Canadian Pacific announced on Nov. 7 that, despite a weather-delayed harvest, October “was its best-ever month for Western Canadian grain movement to Vancouver and stands ready to work with its supply chain partners through the 2016/17 season to transport a bumper crop to world markets.”

A record 15,865 carloads were moved to West Coast ports in October, besting the previous record of 15,449 carloads in March 2016. Total Western Canadian grain movements in the month climbed 3.9% over last year, just off the record set in May 2014.

CP says millions of dollars in investment over the past three years by CP as well as new investment by its supply chain partners on grain country elevator capacity and port capacity has already begun to fulfill the promise of greater efficiency, fluidity and velocity.

"I am proud of the CP team and applaud the efforts and early success of our supply chain partners as the crop season begins to accelerate into the colder months," said CP President and Chief Operating Officer Keith Creel. "We continue to focus on providing best-in-class service to our customers and look forward to moving more Western Canadian grain to market for the benefit of farmers, shippers and the Canadian economy."

CP reiterates that with the winter months and the majority of the 2016/17 crop movement still ahead, finger-pointing and unwarranted criticism of any single component of this complex chain is counter-productive and undermines Canada's reputation as a world-class supplier of grain.

CP believes misleading and inaccurate data published by the Ag Transport Coalition, then cited repeatedly in the media by paid industry lobbyist Wade Sobkowich, of the Western Grain Elevators Association, continues to promote the notion that an adversarial relationship exists between the railroads and Canada's farm community. CP states it and its partners are driving the Western Canadian economy forward.
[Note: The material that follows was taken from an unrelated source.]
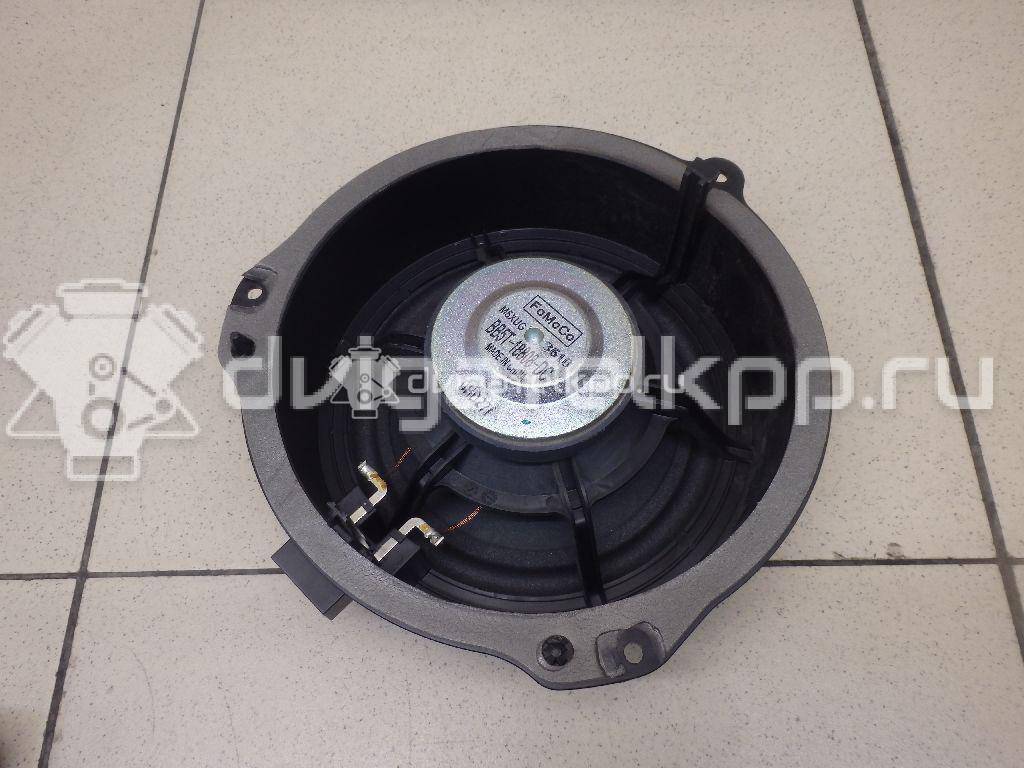 Фото Динамик  bb5z18808h для ford america Explorer {forloop.counter}}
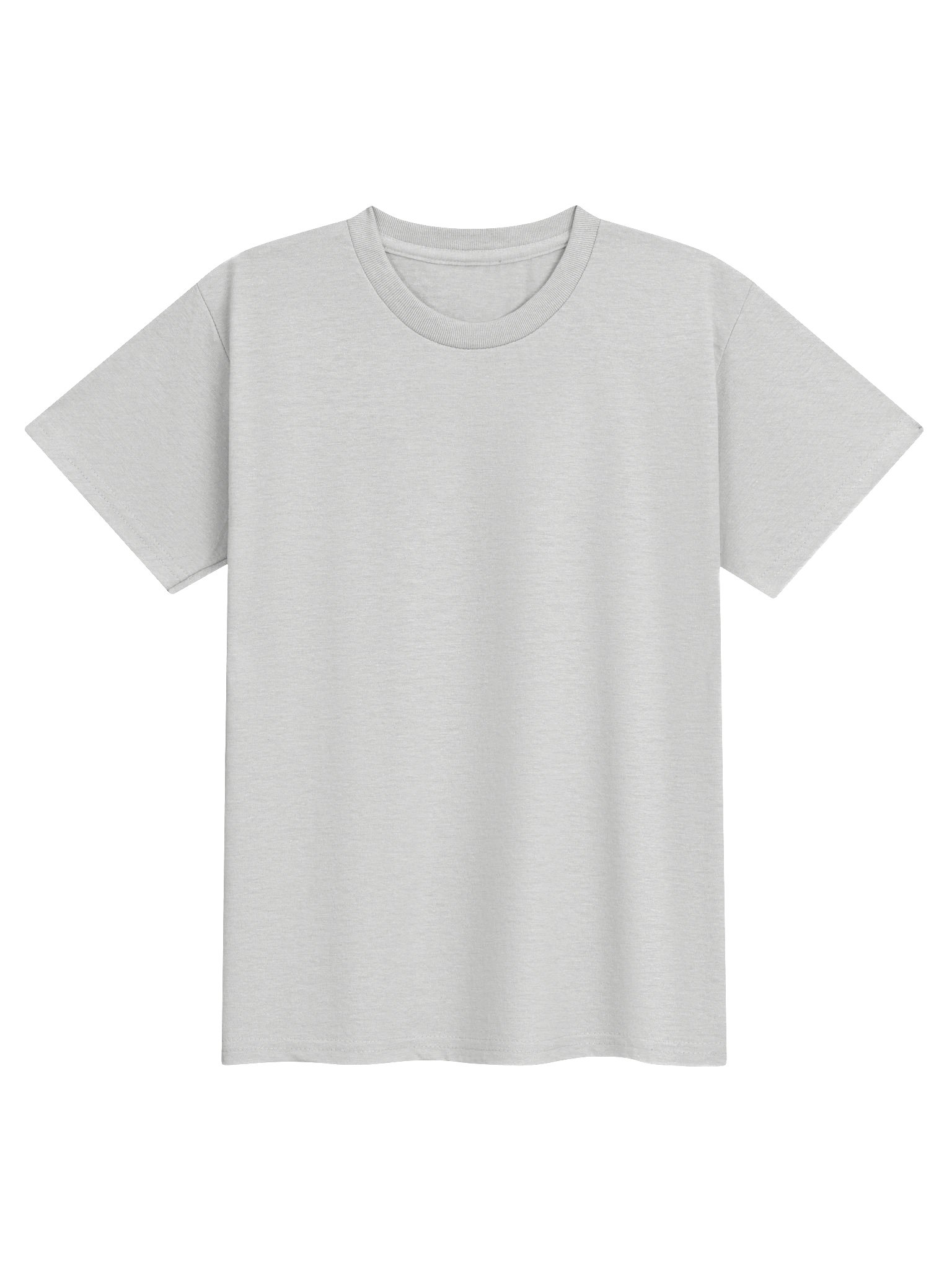 Two Rivers Dance Team Youth Tee product image (10)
More than three-quarters of CP's Western Canadian grain business uses the Dedicated Train Program (DTP), which allows customers to control their own train assets for a period of 12 months or more. In other words, DTP customers use the capacity they need when they need it.

CP says trying to compare DTP performance to an "order fulfillment" model, as the Ag Transport Coalition does, simply does not work.

"The evidence is clear: CP and its supply chain partners are not only working hard to get this bumper crop to market but succeeding," Creel said. "Together, we are also succeeding in putting old conflicts between railroads and the farmer into the past where they belong."